The analysts released a 12-page report this morning, saying “the most likely scenario is for NAFTA to be renegotiated.” Too much is at stake for the United States, Canada and Mexico for the agreement to be dissolved. But nothing can be taken for granted, given hyperbolic rhetoric from the Trump Administration—though the tone has softened from dissolution of the trade agreement to renegotiation in recent weeks.
“The U.S. exports around 15% of the milk it produces. For some states, such as California, Wisconsin, Michigan and New York, that number is closer to 20 to 30%, so a shake-up in trade flows will disproportionately affect those states,” write the analysts.

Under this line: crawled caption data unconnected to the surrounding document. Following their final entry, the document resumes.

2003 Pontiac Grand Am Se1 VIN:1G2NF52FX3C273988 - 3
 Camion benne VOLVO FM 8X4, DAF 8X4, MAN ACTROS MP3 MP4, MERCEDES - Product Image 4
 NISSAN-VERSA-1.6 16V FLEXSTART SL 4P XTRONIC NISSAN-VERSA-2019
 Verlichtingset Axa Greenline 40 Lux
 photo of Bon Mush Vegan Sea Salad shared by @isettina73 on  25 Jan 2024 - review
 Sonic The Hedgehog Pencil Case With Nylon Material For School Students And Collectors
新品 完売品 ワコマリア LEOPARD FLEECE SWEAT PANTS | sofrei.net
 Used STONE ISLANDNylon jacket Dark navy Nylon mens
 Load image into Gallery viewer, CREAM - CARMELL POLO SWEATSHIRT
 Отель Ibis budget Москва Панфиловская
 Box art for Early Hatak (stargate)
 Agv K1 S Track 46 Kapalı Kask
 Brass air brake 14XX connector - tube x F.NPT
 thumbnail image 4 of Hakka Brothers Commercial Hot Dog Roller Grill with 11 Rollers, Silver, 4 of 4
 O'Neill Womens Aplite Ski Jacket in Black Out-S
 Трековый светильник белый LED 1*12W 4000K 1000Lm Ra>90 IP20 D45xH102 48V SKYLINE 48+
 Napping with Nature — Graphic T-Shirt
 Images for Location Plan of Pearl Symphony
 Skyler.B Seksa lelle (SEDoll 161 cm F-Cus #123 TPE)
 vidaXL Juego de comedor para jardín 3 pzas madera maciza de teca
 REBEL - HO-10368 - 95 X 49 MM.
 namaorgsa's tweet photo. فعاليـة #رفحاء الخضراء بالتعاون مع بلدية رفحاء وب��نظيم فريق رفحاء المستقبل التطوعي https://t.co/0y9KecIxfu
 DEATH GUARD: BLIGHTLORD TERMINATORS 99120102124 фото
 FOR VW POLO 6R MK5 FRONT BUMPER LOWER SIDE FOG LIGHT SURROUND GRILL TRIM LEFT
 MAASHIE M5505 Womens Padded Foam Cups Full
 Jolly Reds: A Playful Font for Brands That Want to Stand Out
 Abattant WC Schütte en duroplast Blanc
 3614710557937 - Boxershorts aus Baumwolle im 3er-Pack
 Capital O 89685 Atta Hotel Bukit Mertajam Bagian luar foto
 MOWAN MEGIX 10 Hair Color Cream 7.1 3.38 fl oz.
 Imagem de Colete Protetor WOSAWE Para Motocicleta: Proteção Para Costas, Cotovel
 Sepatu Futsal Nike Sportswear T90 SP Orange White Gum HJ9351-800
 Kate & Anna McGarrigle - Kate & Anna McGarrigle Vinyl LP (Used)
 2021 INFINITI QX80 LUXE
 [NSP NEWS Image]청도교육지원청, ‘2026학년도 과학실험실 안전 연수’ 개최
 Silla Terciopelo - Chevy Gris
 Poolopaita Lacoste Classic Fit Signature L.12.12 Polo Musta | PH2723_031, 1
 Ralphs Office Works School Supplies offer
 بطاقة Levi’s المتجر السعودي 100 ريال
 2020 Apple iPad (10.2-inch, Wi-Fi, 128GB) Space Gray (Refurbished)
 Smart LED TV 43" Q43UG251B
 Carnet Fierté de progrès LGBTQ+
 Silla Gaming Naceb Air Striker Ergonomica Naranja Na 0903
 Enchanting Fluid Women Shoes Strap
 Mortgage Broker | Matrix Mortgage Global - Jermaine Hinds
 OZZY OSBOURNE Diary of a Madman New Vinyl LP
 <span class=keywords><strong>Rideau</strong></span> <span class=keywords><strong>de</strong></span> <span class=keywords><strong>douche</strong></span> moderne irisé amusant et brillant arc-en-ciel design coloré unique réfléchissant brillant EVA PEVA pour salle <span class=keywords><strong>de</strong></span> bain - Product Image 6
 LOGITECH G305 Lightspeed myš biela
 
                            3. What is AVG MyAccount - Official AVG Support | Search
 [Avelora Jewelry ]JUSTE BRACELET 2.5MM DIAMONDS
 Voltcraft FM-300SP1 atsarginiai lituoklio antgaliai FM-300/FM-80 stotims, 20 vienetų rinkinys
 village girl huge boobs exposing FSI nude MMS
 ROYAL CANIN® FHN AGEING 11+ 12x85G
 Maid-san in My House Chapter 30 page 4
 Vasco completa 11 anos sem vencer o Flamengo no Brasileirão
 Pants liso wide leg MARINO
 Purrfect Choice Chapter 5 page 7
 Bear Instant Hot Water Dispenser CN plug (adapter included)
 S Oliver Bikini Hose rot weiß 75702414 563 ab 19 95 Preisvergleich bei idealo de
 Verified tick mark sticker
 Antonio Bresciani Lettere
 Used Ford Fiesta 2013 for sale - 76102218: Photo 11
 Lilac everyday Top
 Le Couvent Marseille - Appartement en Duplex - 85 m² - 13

A worst-case scenario, where NAFTA is dissolved, would be tumultuous, with $3.7 billion in dairy trade lost. “For dairy, it would take years to recover, as milk supplies would be forced lower due to a drop in milk prices [approaching those of 2009] and weakened economic growth slowing farmgate investments,” say the analysts.
The U.S. eventually would likely regain markets elsewhere, picking up sales displaced by European and Oceania exports to Mexico. But that reshuffling would take time, and would likely be at lower prices due to longer transportation routes and other marketing costs.
“The very threat of the loss of NAFTA should be a wake-up call to the U.S. dairy industry’s lack of market differentiation and ove-dependence on one single market. Mexico and Canada account for 45% of U.S. dairy exports—with Mexico taking 32% and Canada 13%” say Bailey and Perry.